%%

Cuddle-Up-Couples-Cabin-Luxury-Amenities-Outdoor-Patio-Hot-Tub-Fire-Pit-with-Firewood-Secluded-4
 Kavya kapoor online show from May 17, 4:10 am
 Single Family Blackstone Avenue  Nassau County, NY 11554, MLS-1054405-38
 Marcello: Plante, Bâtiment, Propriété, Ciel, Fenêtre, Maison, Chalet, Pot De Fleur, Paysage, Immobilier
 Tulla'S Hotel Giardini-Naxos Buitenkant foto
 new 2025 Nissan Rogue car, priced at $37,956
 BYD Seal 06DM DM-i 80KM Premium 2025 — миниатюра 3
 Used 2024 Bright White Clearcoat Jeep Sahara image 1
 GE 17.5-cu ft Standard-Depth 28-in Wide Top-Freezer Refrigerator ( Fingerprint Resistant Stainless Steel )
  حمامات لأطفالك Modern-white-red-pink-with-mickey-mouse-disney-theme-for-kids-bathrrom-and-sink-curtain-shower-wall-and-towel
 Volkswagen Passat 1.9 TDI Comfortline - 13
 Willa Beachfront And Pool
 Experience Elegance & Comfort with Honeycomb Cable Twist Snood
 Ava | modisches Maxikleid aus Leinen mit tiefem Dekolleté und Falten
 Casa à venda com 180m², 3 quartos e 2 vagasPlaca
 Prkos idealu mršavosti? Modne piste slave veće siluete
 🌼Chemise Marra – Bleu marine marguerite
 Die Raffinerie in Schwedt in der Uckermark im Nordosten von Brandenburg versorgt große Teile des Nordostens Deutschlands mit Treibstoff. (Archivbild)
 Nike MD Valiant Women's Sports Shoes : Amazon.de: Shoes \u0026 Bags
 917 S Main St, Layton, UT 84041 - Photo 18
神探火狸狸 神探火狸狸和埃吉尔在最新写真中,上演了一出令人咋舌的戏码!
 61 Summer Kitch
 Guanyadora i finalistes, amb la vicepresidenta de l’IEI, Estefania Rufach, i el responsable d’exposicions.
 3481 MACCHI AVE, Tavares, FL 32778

%%

• TASK PROMPT
Return exactly the lines above from the line that has "new 2025 Nissan Rogue car, priced at $37,956" through the line that has "Die Raffinerie in", inclusive, and nothing else.

• EXERCISE RESPONSE
 new 2025 Nissan Rogue car, priced at $37,956
 BYD Seal 06DM DM-i 80KM Premium 2025 — миниатюра 3
 Used 2024 Bright White Clearcoat Jeep Sahara image 1
 GE 17.5-cu ft Standard-Depth 28-in Wide Top-Freezer Refrigerator ( Fingerprint Resistant Stainless Steel )
  حمامات لأطفالك Modern-white-red-pink-with-mickey-mouse-disney-theme-for-kids-bathrrom-and-sink-curtain-shower-wall-and-towel
 Volkswagen Passat 1.9 TDI Comfortline - 13
 Willa Beachfront And Pool
 Experience Elegance & Comfort with Honeycomb Cable Twist Snood
 Ava | modisches Maxikleid aus Leinen mit tiefem Dekolleté und Falten
 Casa à venda com 180m², 3 quartos e 2 vagasPlaca
 Prkos idealu mršavosti? Modne piste slave veće siluete
 🌼Chemise Marra – Bleu marine marguerite
 Die Raffinerie in Schwedt in der Uckermark im Nordosten von Brandenburg versorgt große Teile des Nordostens Deutschlands mit Treibstoff. (Archivbild)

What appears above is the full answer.